In Australia, the GFC now seems to have been a long time ago. Some of us still wake occasionally with a start, but with functioning capital markets, liquidity and close-to-full employment it has become easy to forget the troubles that still exist in the rest of the world. For investors overseas, the reality of the crisis is still in their minds. However, sufficient time has now elapsed to enable them to think about the implications for the future. The Research Foundation of the CFA Institute is a not-for-profit organisation established to promote the development of practical, timely and relevant research for investment practitioners around the world. In late 2010, the foundation published a monograph dealing with investment management after the global financial crisis.
Led by the highly respected Professor of Finance at Yale, Frank Fabozzi CFA, the team interviewed 68 institutional investors, consultants, fund managers and academics to research how the financial crisis affected and will continue to affect investment management decisions as well as the industry itself. Two areas in particular that dominated the discussion: asset allocation and risk management. It is worth reflecting on these and how they might relate to local conditions. The importance of asset allocation is possibly the major theme to (re-) emerge. It was back in 1991 that Brinson, Singer and Beebower’s influential paper confirmed that, on average, more than 90 per cent of the variation of returns over time is explained by asset allocation decisions.

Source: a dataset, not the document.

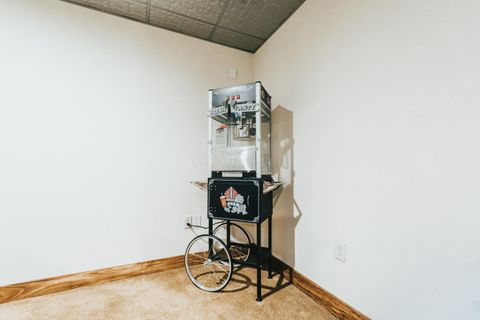 Tiny photo for 16187 Kreashbaum Road, Rockbridge, OH 43149 (MLS # 226000601)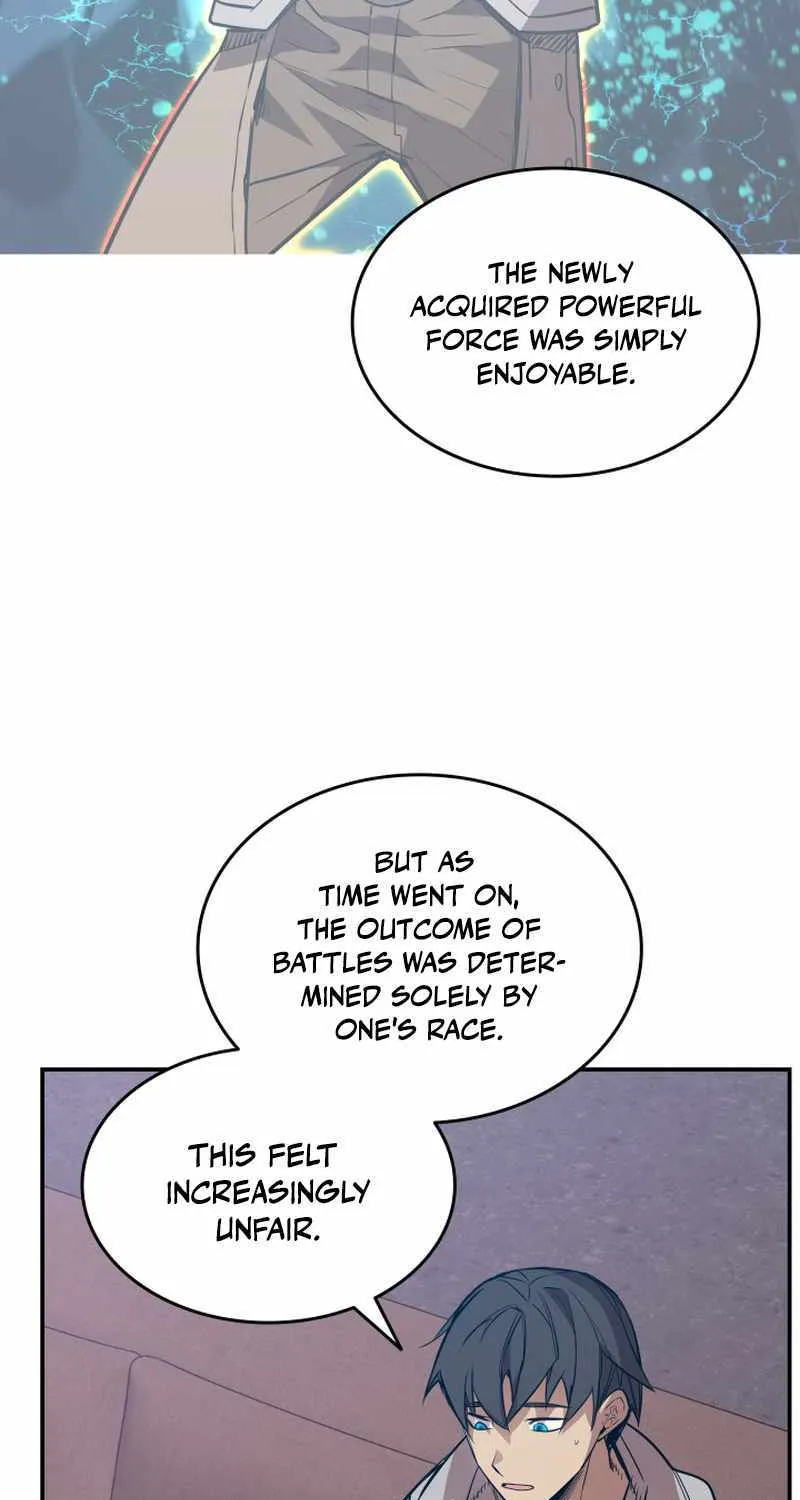 Read Worn And Torn Newbie chapter 176 image 4 on Lezhin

Bet a volatility It is easy to see that no amount of alpha could compensate for the beta volatility of the GFC. This was when, as we know, bonds outperformed equities by more than 50 per cent in a year. Yet despite this, for whatever reason, there has been a marked emphasis on manager selection over asset allocation in the past decade or so. (I’m yet to see any ‘Asset Allocator of the Year’ awards, for example). Looking forward, the research points to strong growth in the demand for asset allocation advice, as well as asset allocation strategies such as unconstrained multi-asset class mandates with absolute return objectives. Part of this will naturally involve dynamic asset allocation (DAA). It would have been hard to have missed the rapid growth in the popularity of this idea over the past two years or so.